Text-to-region grounding data
■ ■ ■

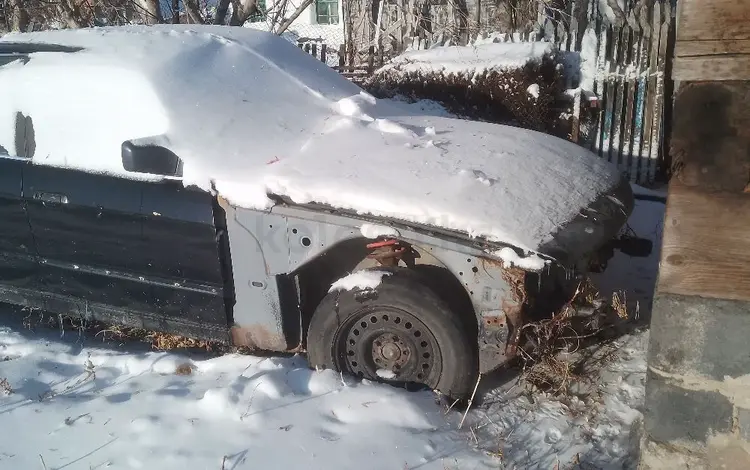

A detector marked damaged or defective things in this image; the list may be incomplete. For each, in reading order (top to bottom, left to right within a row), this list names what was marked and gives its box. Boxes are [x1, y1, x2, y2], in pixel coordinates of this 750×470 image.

abandoned car [0, 25, 648, 398]
corroded fender [220, 199, 532, 374]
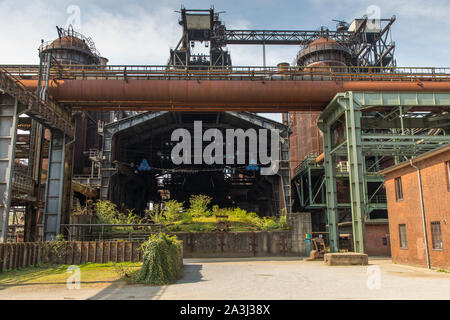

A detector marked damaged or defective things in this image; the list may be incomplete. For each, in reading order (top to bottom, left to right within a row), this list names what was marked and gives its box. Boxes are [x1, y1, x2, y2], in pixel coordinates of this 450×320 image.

rusty steel structure [0, 7, 448, 255]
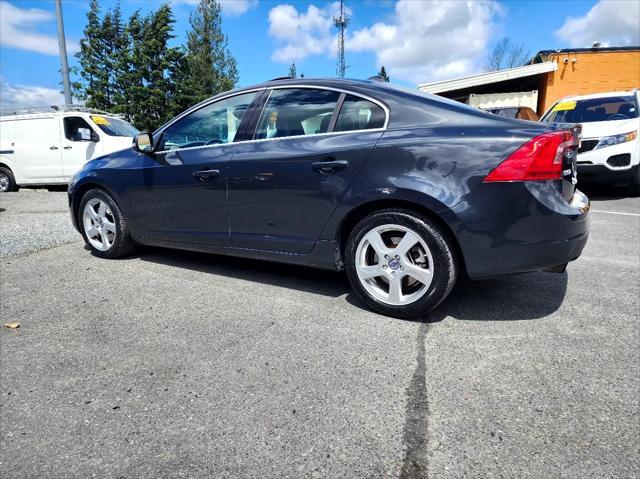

■ ■ ■

[Task directions]: Starting where a line contains "this 450×320 image." and finishing at the last line above, set down every line exactly as it reads, with no pictures.

[Your response]:
A detector marked damaged or defective things in this image; the list may be incomplete. For each, in reading order (top to bottom, left to right within a row), this list names what was marked and gives its box. Boxes are [x1, y1, x2, y2], in pixel coordinates of this 450×320 image.

rusty steel structure [0, 7, 448, 255]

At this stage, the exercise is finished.